WANTED
URIBE VÉLEZ
MURDER
CRIMES AGAINST HUMANITY, CORRUPTION, HUMAN RIGHTS VIOLATIONS
PICKETS: 4pm-7pm Saturday 21 May 27 Sussex Place, Regent’s Park, NW1 Nearest tube: Baker Street PLEASE WEAR WHITE!! 5pm-8pm Monday 23 May LSE Campus, Houghton Street, WC2 Nearest tubes: Covent Garden, Holborn, Temple
URIBE: INVESTORS FRIEND, PEOPLES NIGHTMARE!
With the smugness of a petty tyrant, Uribe self-congratulates his eight years in government, claiming his success was based on three pillars – ‘security’, ‘social cohesion’ and ‘investor trust’. Let us see …
‘Security’ ? State terror and crimes against humanity; corruption
The grave at La Macarena was discovered accidentally by local school children detecting a sour taste in the local stream. The army said that the bodies are of guerrillas killed in combat, but this is the normal cover story for their massacres; known as ‘false positives’ where they dress up the cadavers of civilians in combat fatigues. There were over three thousand extra-judicial killings by the official state ‘security forces’ known of under Uribe – clearly an executive strategy. Uribe frequently stigmatised his critics, laying them open to assassination, as happened many times. Heads of the DAS secret police reporting to Uribe were caught mounting extensive phone tapping of journalists, politicians, high court judges and supplying lists of trade unionists to be assassinated. The Colombian political system was even more corrupted by Uribe with one third of all congress seats occupied by paramilitary front men. Uribe’s family and close associates have been involved in a series of scandals which in a functioning democracy would have obliged his resignation. Uribe leaves a sour taste indeed.
‘Social cohesion’ ? Displacement and poverty; yet more violence
Uribe’s regime has polarised the gap between official and real Colombia, the rich and poor, especially through the forced displacement of poor farmers, indigenous and Afro-colombians from rural areas. Two and a quarter million Colombians were displaced in the eight years of Uribe’s rule, almost all now destitute. Official agencies only recognise a third of these people who are left utterly abandoned by the state, except when the riot police descend at night to evict them again, from their cardboard shacks on the fringes of the big cities, where the displaced and working class youth are targeted for assassination.

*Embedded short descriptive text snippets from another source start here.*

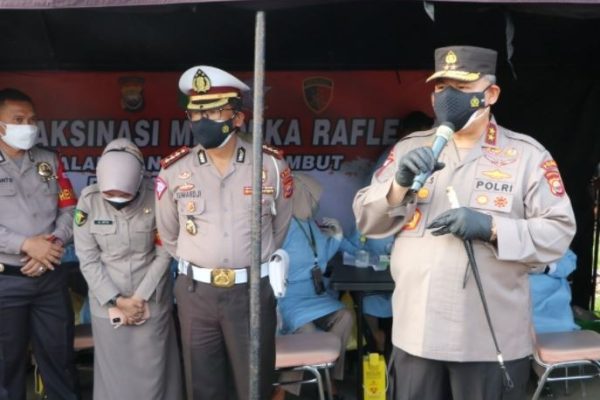 polda bengkulu sumbang vaksinasi provinsi sebesar 14 9944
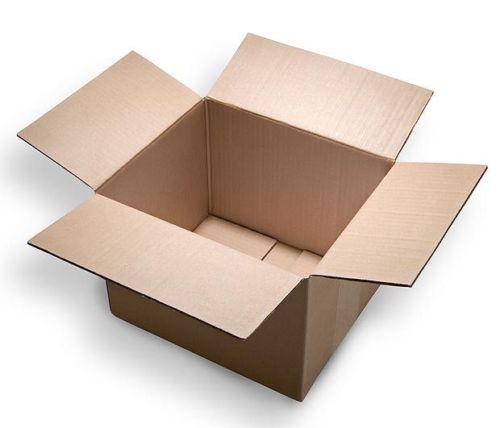 PS08.63 - CD & DVD Boxes (x10 Pack) 152x152x152mm (6
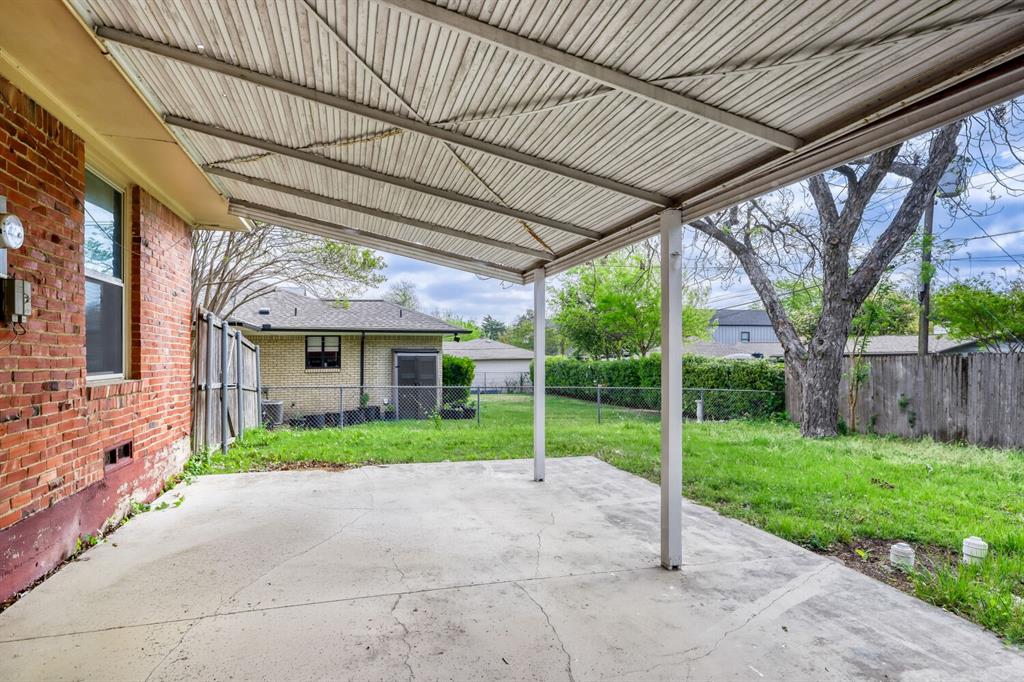 Bob-O-Links Down #4 - Residential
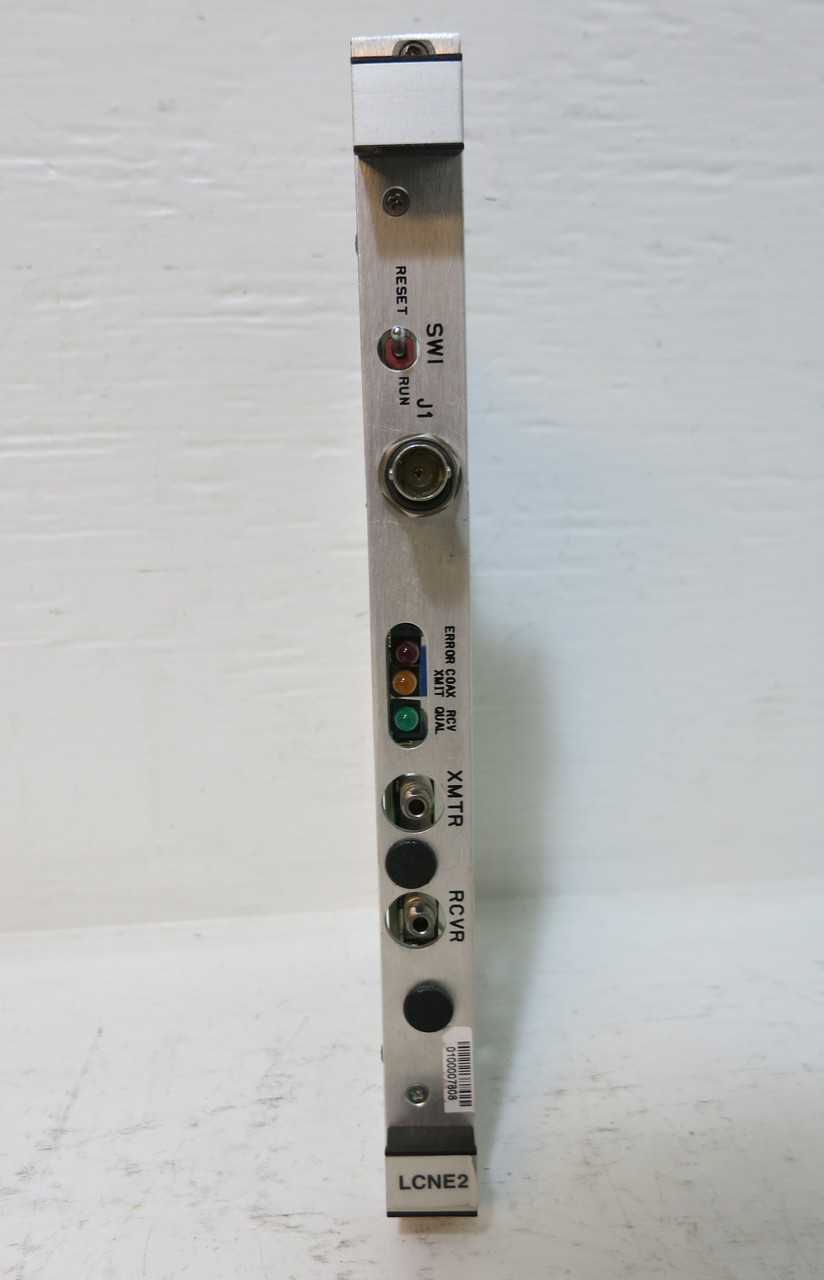Honeywell LCNE2 51304540-200 PLC 51304538 Rev G Paddle Board Fiber Optic (DW5132-2)
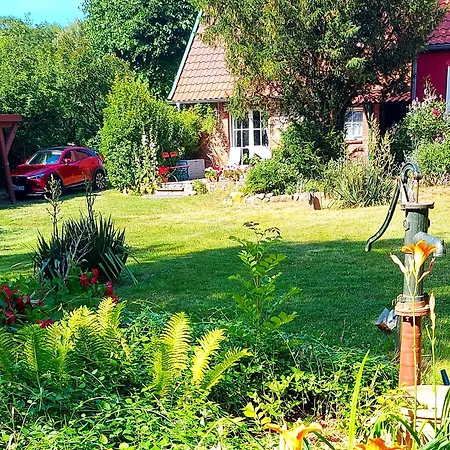 Σπίτι διακοπών Ferienhaus Klein Stroemkendorf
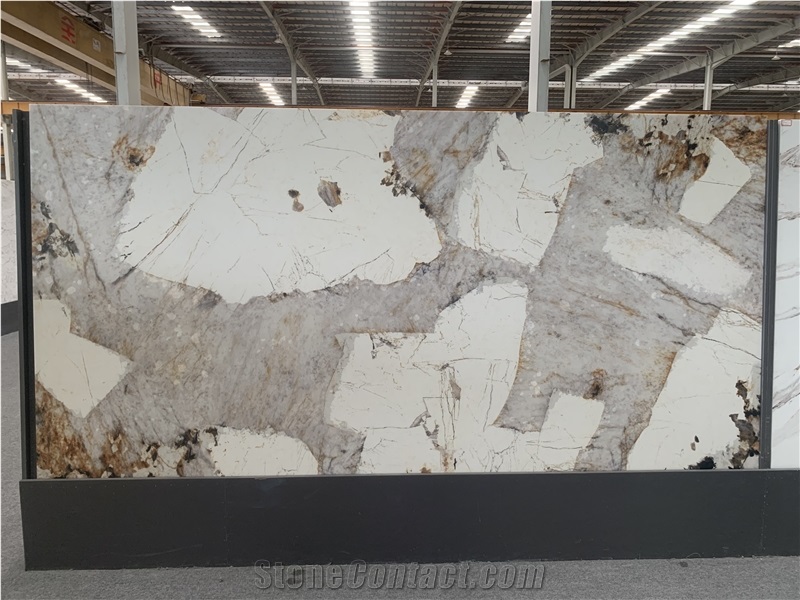 Kungfu Stone Supply Pandora Stone Quartz Slabs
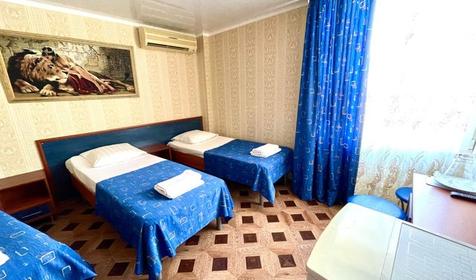  Стандарт трехместный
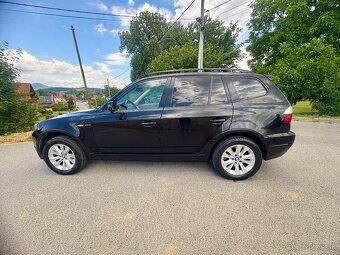 BMW X3 e83 xDrive20d 1.majitel - 5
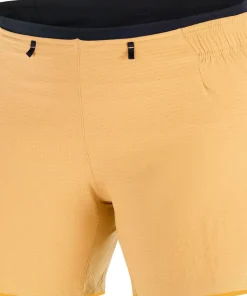 Salomon Women's Sense Aero 5'' Shorts Warm Apricot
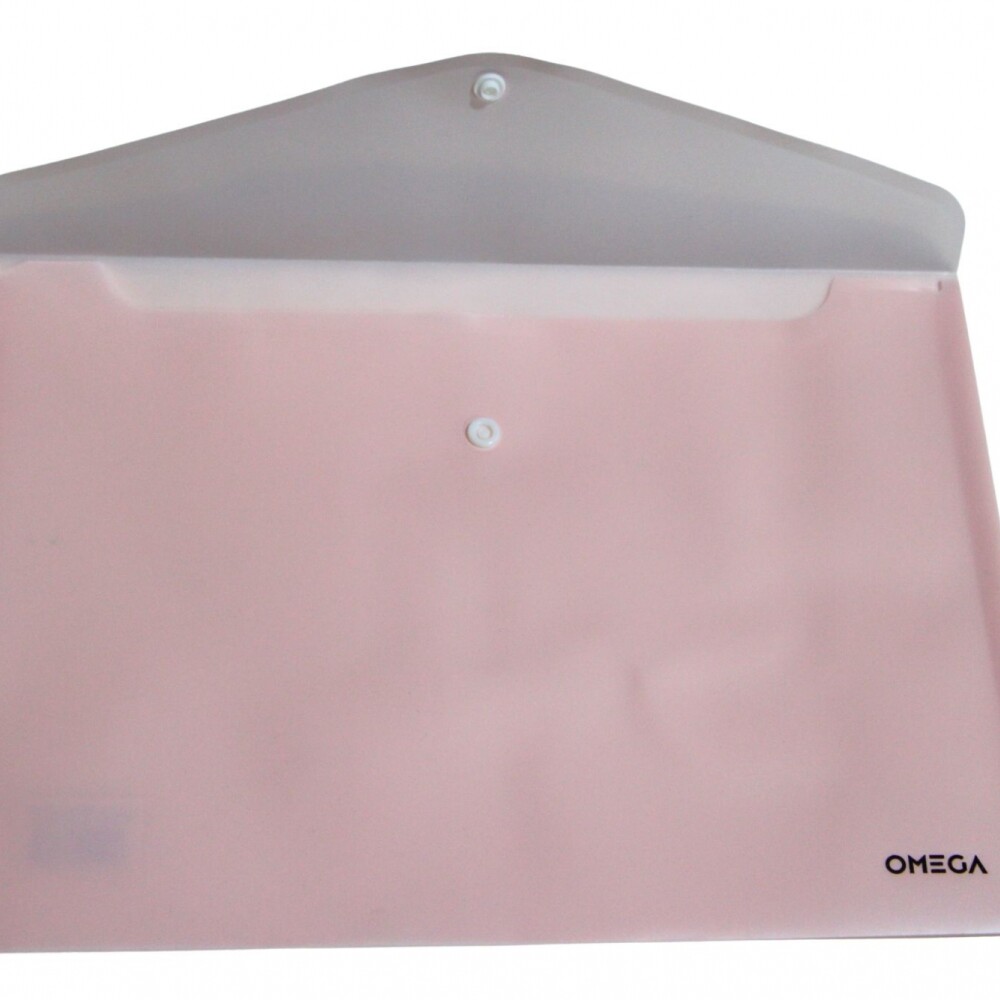 SOBRE OMEGA TAMAÑO A4 COLOR ROSADO PASTEL SOBRE OMEGA TAMAÑO A4 COLOR ROSADO PASTEL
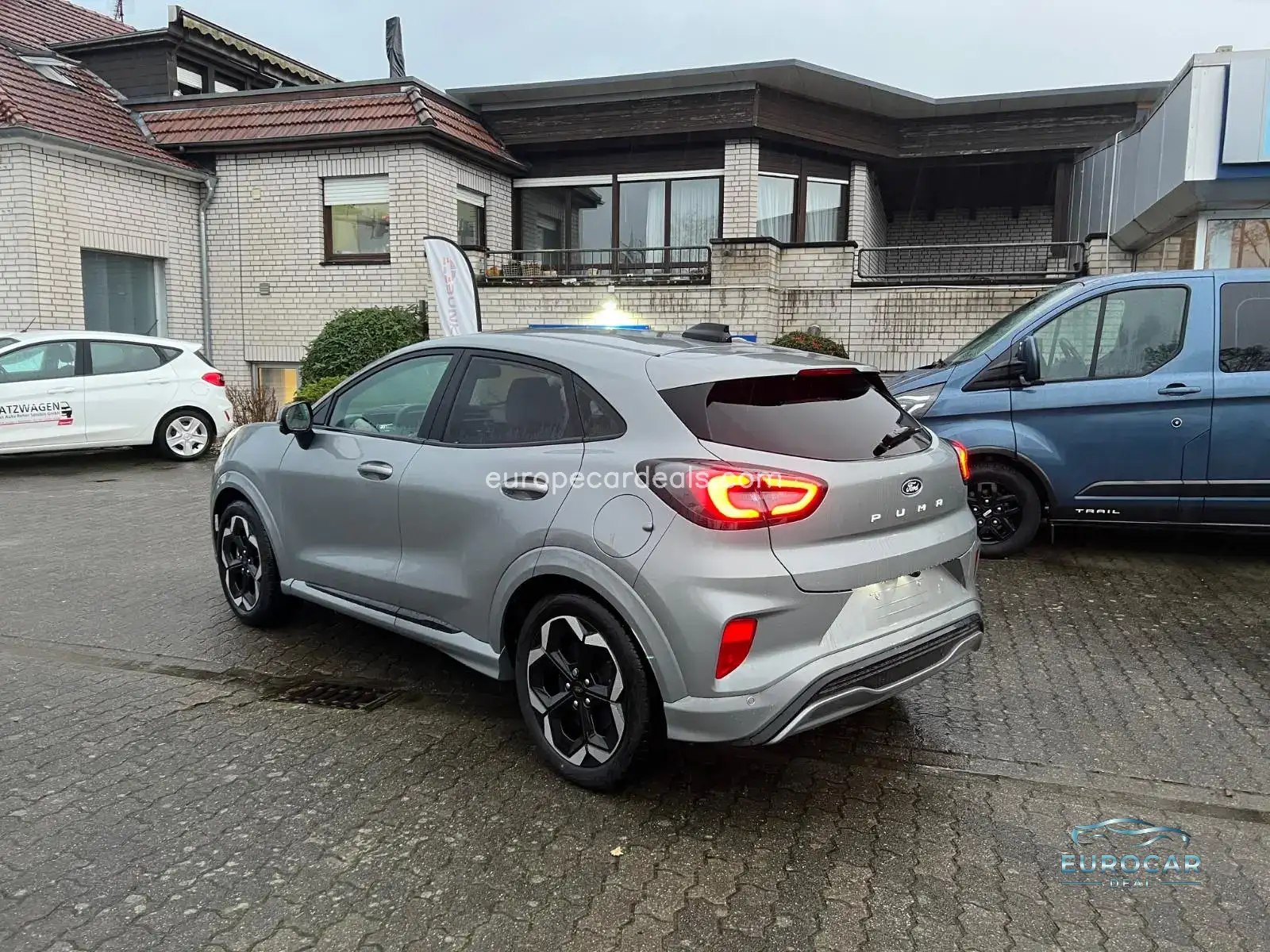 Ford Puma Gen-E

‘Investor trust’ ? Record profits, corporate complicity
Multinationals have made huge profits, especially in the extractive industries. Coal corporations made $1.7 billion, and oil and gas corporations made $6.1 billion profits in 2008 alone. Under Uribe there was a more than ninefold increase in outgoing profits. His strategy was to encourage a huge land grab – mineral claims rocketed from 1.13 to 8.53 million hectares. Mining on this scale will devastate the environment. The mining zones are overrun by the military, working with paramilitaries. Corporations like BP have benefitted from ‘disappearances’ to deter community and trade union organisation. Big business toasts Uribe, but no amount of public relations gloss can cover up his strategy of state terror and misery for the majority of Colombians. Uribe craves international status to protect him from the inevitable, growing and justified demands for his trial. By offering Uribe a platform, the London Business School and LSE are legitimizing state terror and giving impunity to a criminal. Shame on you.